There is more to the gothic than just blood and guts. Yet the physicality of the gothic is an inextricable, tantalising part of it, one that all readers – and writers – of dark literature love to explore. The architecture of the body is the frame on which so much of this genre hangs; its visceral nature carries its radical potential. It loves to open the ribcage and make its readers stare at the breathing tissue within; to grab a beating heart and throw it on the pages of a book. Look here: do you see this? This is what life is. This is how things go. It holds its readers’ eyes open not only to the passions of life, but to its shadowed valleys; to it pain and trauma to its very end. From the very first book to call itself gothic – Walpole’s 18th century novel The Castle of Otranto – death, and the details of it, have been a driving force of our favourite narratives; a perfect platform on which to bring together lust and horror, marriage and hate, romance and hysteria. The body is the landscape against which all gothic books, like Anna Cheung’s first collection Where Decay Sleeps, are set.

Cheung knows this landscape enormously well; from its “bloody tubes” to its shipwrecked torsos, and in this collection she takes us on a tour of our own physical selves: “It is beautiful,” she writes of a body in Creature; “a symphony of human flesh.” From the very first poem (In Utero), she turns a strange and gorgeous light on our most varied processes; a pregnant woman holds slabs of red meat in the half light of a fridge in the night, while she dreams of her cherub-faced child. A wild heart beating beneath the pressures of its change. As a reader, it is these moments that reach out and touch me; a finger traces the line of my torso and it springs open, asking me to consider what is inside myself. To appreciate the fleeting nature of life and the glorious implausibility of us existing at all. This is what they call the sublime; the way this genre takes you from terror to a feeling beyond ourselves. Through disgust and vulnerability we land on beauty and strength; that a body can contain all this, soft matter that so easily dies, and continues on. A miracle under a dark spotlight.

But Cheung also understands that at its heart, the gothic is about change; perhaps more about the death of powers and the shifting of social orders than it is about corpses. In her debut book, she gives us both the corporeal exploitation that tickles us in dark places and the social critique of the way things are. Within this book are criticisms of work culture, capitalism, the way we synthesise human connection when there are humans all around us. In Zombies @ the Arches we’re gripped by the carnivalesque, by the ridiculousness of living in such a way that requires us to rinse our brains out on the weekend. A realisation of social decay grips us slowly; ‘where decay sleeps’, it turns out, is not just in the body, but in our social order too. This title is a play on words, on us. We are rotting; society is rotting. We laugh, because there is always humour in the gothic, but it’s a realisation we can’t shake off. By situating this collection within the dying body and reaching out to how we live, Cheung has given us the classic gothic tradition: something previously thriving which is now in decline – in terms both physical and civic.
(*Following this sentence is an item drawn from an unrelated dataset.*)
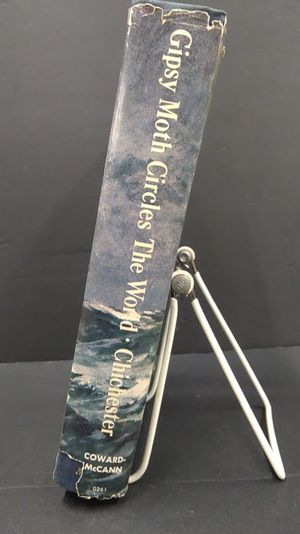 Gipsy Moth Circles The World image number 1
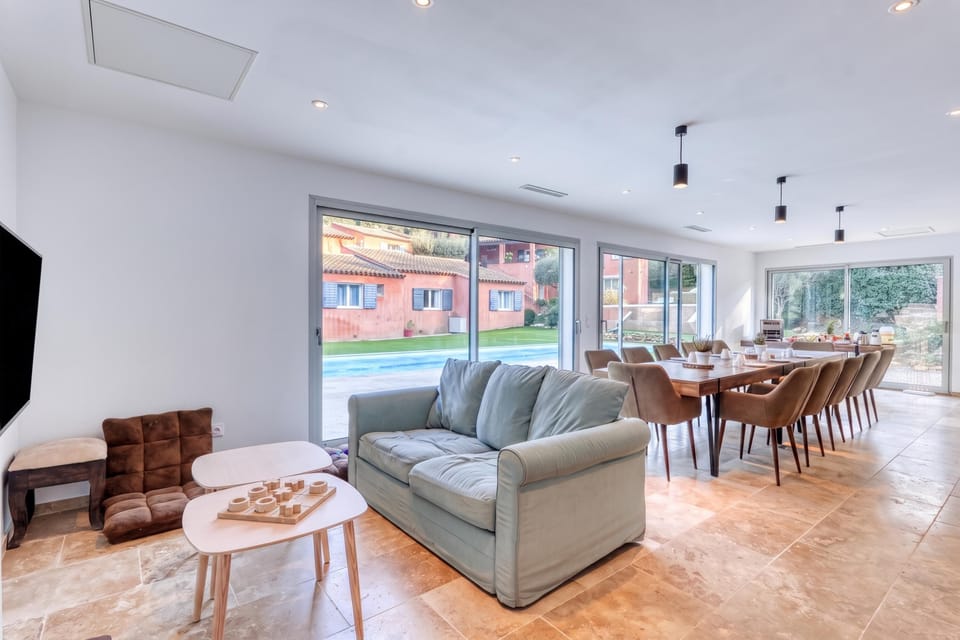 Living and dining room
The poems of Where Decay Sleeps are arranged into seven sections which mirror the seven stages of decay: pallor mortis, algor mortis, rigor mortis, livor mortis, putrefaction, decomposition and skeletonisation. While the progression of the poems is not as neat, allowing them to meander into funny corners and make grand sweeping statements where necessary, this structure gives us a framework on which to understand Cheung’s intent.  Here is a captured entropy, a reflection of the natural processes of life, when matter scatters from something to nothing; from order to chaos.

A book that takes in Tinder and Bluebeard and modern day Scotland may not sound like it would sit on the same shelf as Rebecca and The Monk, but the freshness of this exploration is what makes it so appealing, the refusal to stop moving forwards being a defining feature of this genre too. Like Henry Bell’s The Inner Circleand Sean Wai Keung’s sikfan glaschu, these poems ground us firmly, at times, in Glasgow, giving us gothic beauty on the way to Hillhead, sitting us on our strange singular endless Subway line as we consider a dinner with Dracula; the pills that might turn a person werewolf. They show us that the gothic is a living genre, one that is ours to shape around life as it is lived, now.

By the end of the collection, we are forced to discuss what is coming to all of us, to consider what else a human body might be, when its matter has become chaotic, has left its confines. In the final section a human body dissolves itself to become other things: creatures in the shape of cats (My Cat-erina), an ergonomic chair (Office Metamorphosis), the dawn (Euthanasia). The structures that we rely on for our logic are removed, and we’re thrown into an act of creation; how are we to understand a world in which a woman might become a piece of furniture? What other rules, once thought irrefutable, might no longer apply?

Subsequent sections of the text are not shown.